## DATASET EXTRACT
┄┄┄┄┄┄┄┄┄┄

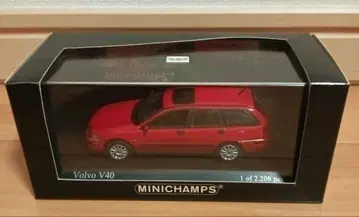 MINICHAMPS Volvo V40 2000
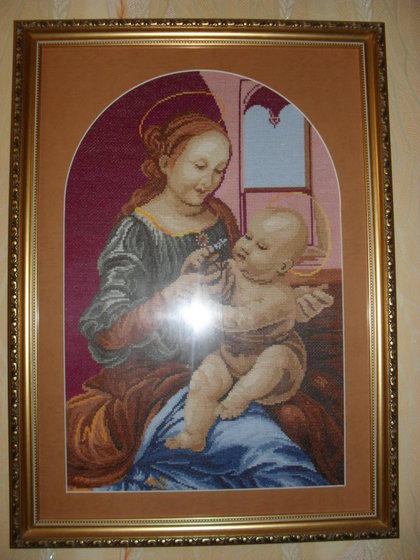 Работа «мадонна с младенцем»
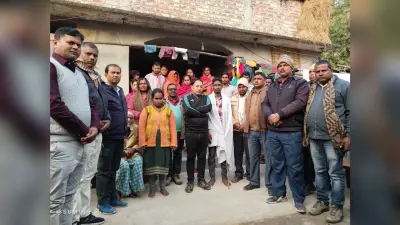 शिक्षिका के अनाथ हो चुके बच्चों से मिला शिक्षक संघ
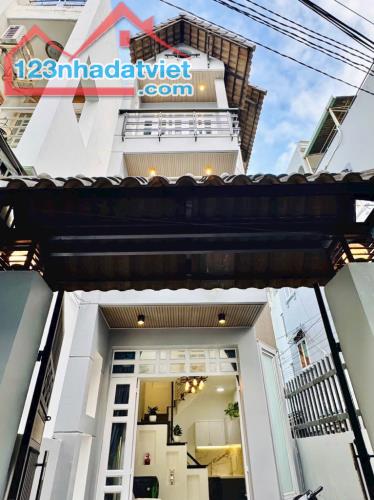 🌹 HƠN 4.X TỶ – NHÀ LÔ GÓC HẺM XE HƠI – 3 TẦNG FULL NỘI THẤT – KINH DOANH ĐỈNH – PHƯỜNG 7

┄┄┄┄┄┄┄┄┄┄

## WHAT IS BEING ASKED
Make a word-for-word repeat of the material, skipping all pictures.

## RESPONSE TO THIS TASK
 MINICHAMPS Volvo V40 2000
 Работа «мадонна с младенцем»
 शिक्षिका के अनाथ हो चुके बच्चों से मिला शिक्षक संघ
 🌹 HƠN 4.X TỶ – NHÀ LÔ GÓC HẺM XE HƠI – 3 TẦNG FULL NỘI THẤT – KINH DOANH ĐỈNH – PHƯỜNG 7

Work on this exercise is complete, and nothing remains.